Po pierwsze: nie przemawia do mnie downsizing po tych paru latach istnienia. Jednak wolę starsze rozwiązania. Zresztą nie tylko ja mam takie zdanie, jeśli chodzi o niezawodność... Toyota też:
KLIKPo drugie: ten 1.0 TSI jest już na pasku, a nie na rwącym się łańcuchu, tak? To tak sobie myślę: jeśli łańcuch nie wytrzymywał warunków pracy w rozwiązaniu TSI, to pasek będzie lekiem? No, nie wiem... Dlatego na pierwsze parędziesiąt kkm mógłbym zaryzykować, ale nie na dłużej.
Po trzecie: jest sporo zachwytu nad 1.0 TSI w Octavii tutaj - KLIK - szczególnie w części "O 1.0 TSI słów kilka….", gdzie zupełnie nie rozumiem, czy zdania:
- Aluminiowe tłoki i kute korbowody zostały wyważone w taki sposób, aby zapewnić cichą i gładką pracę.
- Cała konstrukcja zapewnia niską masę bezwładności i minimalne straty energii przy tarciu wewnętrznym.
- Skrzynia korbowa i głowica cylindrów posiadają swoje własne obiegi układu chłodzenia,
- a kolektor wydechowy zintegrowany z głowicą cylindrów ma kluczowe znaczenie w wydajnym układzie termoregulacji całego silnika.
- Dla udoskonalenia sposobu dostarczenia paliwa do silnika, wałki rozrządu zaworów ssących i wydechowych mogą być regulowane o odpowiednio 50 i 40 stopni obrotu.
są bełkotem pseudospecjalistycznym dla zdobycia podziwu gawiedzi, czy kpiną z czytelników... A do tego "wyjaśnienie":
-Jeśli powyższy opis jest dla kogoś nieco zawiły to za chwilę postaramy się to wyjaśnić prostszym językiem.po czym następuje opis, jak to jest cicho w kabinie...

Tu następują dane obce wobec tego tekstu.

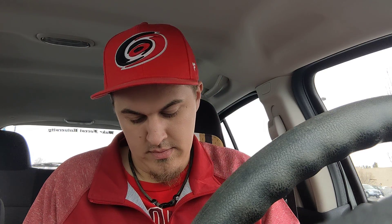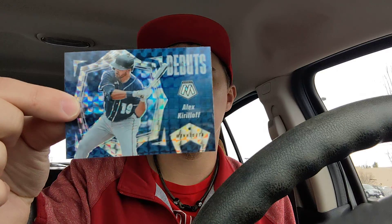Three packs remaining. So far my favorite card has been the silver Dansby Swanson. Our base cards are Kenta Maeda and Nelson Cruz. Our insert is a Debuts of Joey Bart, and we have one silver prism and one mosaic parallel — this is a blue camo Debuts of Alex Kirilloff.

Mimo tych zachwytów :-) ciekawy i odrzucający jest podrozdział "1.0 TSI vs 1.4 TSI – wrażenia z jazdy".Czyli: na krótko od nowości i tylko do miasta - może bym się skusił.
-
-
lambo i honda potrafią zrobić 110 kuni z litra z wolnossaka hihi.
-
@esen powiedział w 1.0 TSI (105 KM):
@leo No dobra, ale jak to turbo w ógole działa, że z praktycznie tego samego silnika da się wykrzesać więcej mocy? Wytłumacz jak dziecku ;)
Jak to jak? Z każdego silnika możesz wykrzesać 2x/3x więcej mocy niż ma nominalnie tylko starczy Ci on wtedy na 2 lub 3 przejażdżki... :P
-
@esen powiedział w 1.0 TSI (105 KM):
@leo No dobra, ale jak to turbo w ógole działa, że z praktycznie tego samego silnika da się wykrzesać więcej mocy? Wytłumacz jak dziecku ;)
Nie, no, Esen... Opisów działania turbo znajdziesz bez liku. :-)
Najgorsze jest to, że to turbo dorzucili na chama do silnika, który w założeniu miał pracować bez turbo. Gdyby projektowali od początku nowy silnik, z nowymi rozwiązaniami i z nowych materiałów, od razu przewidzianego do współpracy z turbo, to co innego. Ale zapanowała moda na downsizing i zabieranie cylindrów, fałszywie powołując się na stare przyzwyczajenia, że im mniejsza pojemność, tym mniejsze spalanie. Jednak chciałoby się wyrwać jak najwięcej mocy, stąd dodatki. W związku z tym, że potrzeby i wysilenie jest większe, spalanie wcale nie spada... Prosta fizyka: do wykonania określonej pracy potrzebna jest określona ilość energii uzyskanej z określonej ilości paliwa. A silnik pozostaje ten sam - cieplny, spalinowy. I zacytuję klasyka: "Praw fizyki pan nie zmienisz, i nie bądź pan głąb." ;-) -
@BPX33 powiedział w 1.0 TSI (105 KM):
@esen powiedział w 1.0 TSI (105 KM):
@leo No dobra, ale jak to turbo w ógole działa, że z praktycznie tego samego silnika da się wykrzesać więcej mocy? Wytłumacz jak dziecku ;)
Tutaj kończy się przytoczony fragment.